The position of Patriarch was abolished by the “Spiritual Regulations” - a special legislative act drawn up in 1720 at the direction of Peter I by his closest associate in church affairs, Archbishop Feofan (Prokopovich). The “Spiritual Regulations” declared the patriarchal management system to be ineffective, bureaucratic, potentially competing with royal power and even gravitating towards papism. And the Synod is a collegial body, it will come to the truth sooner than an individual hierarch-autocrat, wrote Feofan (Prokopovich).

Many of these arguments were obvious stretches. The Orthodox Patriarch, unlike the Pope, was never perceived as the bearer of absolute power in the Church, and all his decisions were approved by the Councils. What motives really motivated Peter?

Of course, his interest in the way of life in the countries of Western Europe, where Protestantism and the ethics of the public good had dominated for two centuries, played a significant role. But first of all, Peter was guided by considerations of imperial logic: in the empire, absolutely everything serves the interests of the state, and there simply cannot be any other center of public life.

Peter wanted to put an end to the dispute started by his father, Tsar Alexei Mikhailovich, and Patriarch Nikon: what is higher - the kingdom or the priesthood? This dispute became the cause of a protracted conflict between the sovereign and the Patriarch. Moreover, for Nikon the matter ended in deposition and exile, and for the entire Church - in a very difficult (and still not overcome) schism on the basis of “Nikonian” liturgical reforms.

The Russian Church emerged from this schism in a greatly weakened state. Russian hierarchs, taught by the bitter experience of Patriarch Nikon and Archpriest Avvakum, tried not to show unnecessary initiative. The situation was aggravated, as a rule, by the low level of education of the Russian clergy: it met less and less the expectations of Peter, who was carried away by the ideas of progress and enlightenment during his European trips.


Patriarch Adrian

Peter’s personal experience of relationships with church authorities was also not the most successful. The Tsar did not get along well with Patriarch Adrian, who headed the Russian Church in the last decade of the 17th century. Peter was especially angry when he began to petition him for pardon for the Streltsy, who had committed a riot in Moscow while Peter was traveling around Europe. When Adrian died, Peter did not convene a Council to elect a successor. For twenty years the Russian Church was ruled not by the Patriarch, but by the Locum Tenens of the Patriarchal Throne, Metropolitan Stefan (Yavorsky) of Ryazan and Murom, and the tsar’s relationship with him was also tense. All this strengthened Peter in his idea to completely abolish the Patriarchate. This is what was done in February 1721, with the establishment of the Synod. Even the title “Holiness,” formerly held by the Patriarch, passed to him. The patriarchy is a thing of the past.

And what did this change for the Church in essence?

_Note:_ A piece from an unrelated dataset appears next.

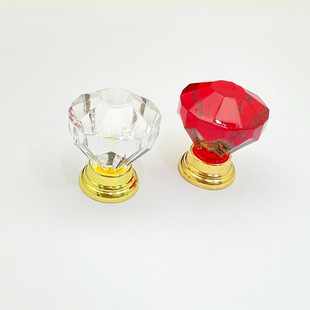 Acrylic Handle Cabinet Door Small Handle Cabinet Box Craft Box Small Drawer Handle Single Hole Accessories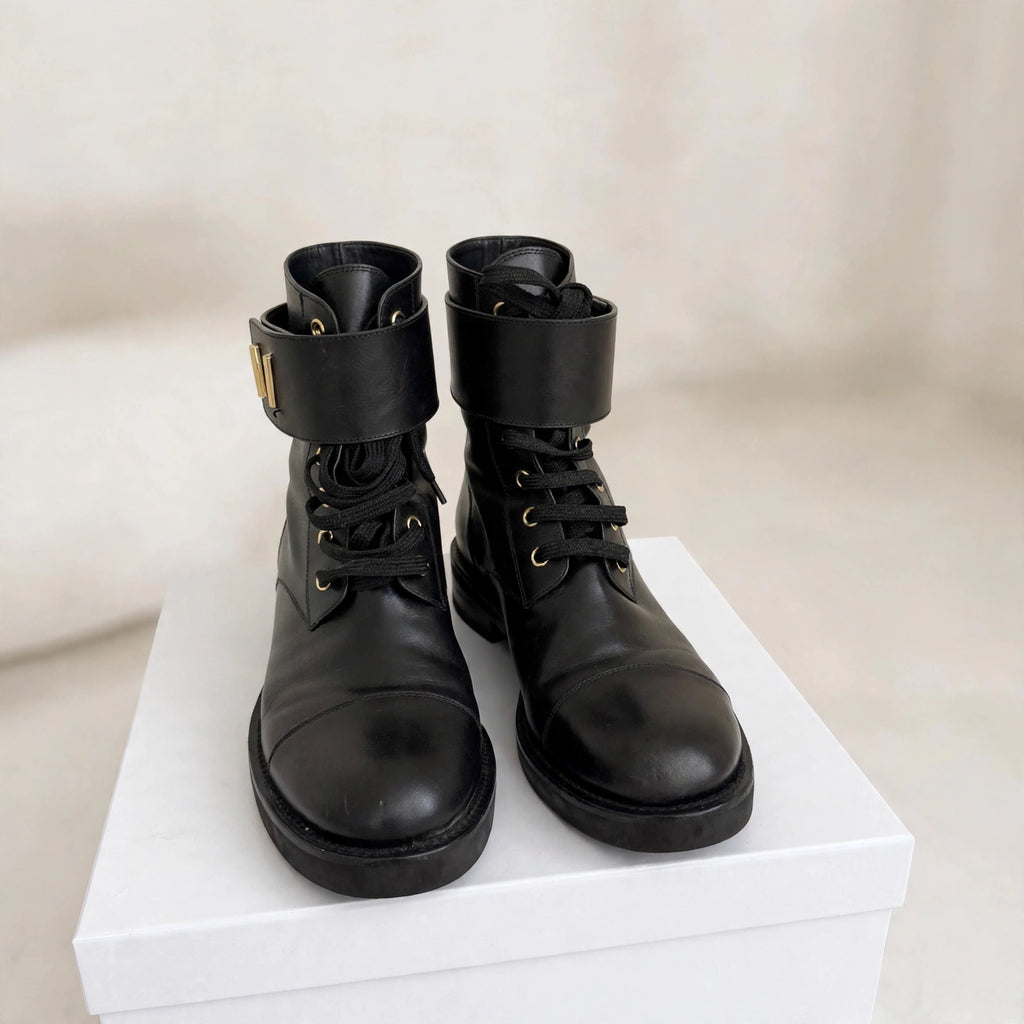 Louis Vuitton Combat Boots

The absence of the Patriarch, of course, did not call into question the very existence of the Church in Russia. The conciliar form of government of the Church was preserved, and the Eastern Patriarchs readily agreed to consider the Russian Synod their “brother in Christ.”

Another thing is that the figure authorized to conduct a dialogue with state authorities on behalf of the Church, express the views of the Church, and inspire Christians to live according to the Gospel has disappeared. The Russian Church has literally lost face.

All this led to the fact that the Russian Church was integrated into the state administrative apparatus.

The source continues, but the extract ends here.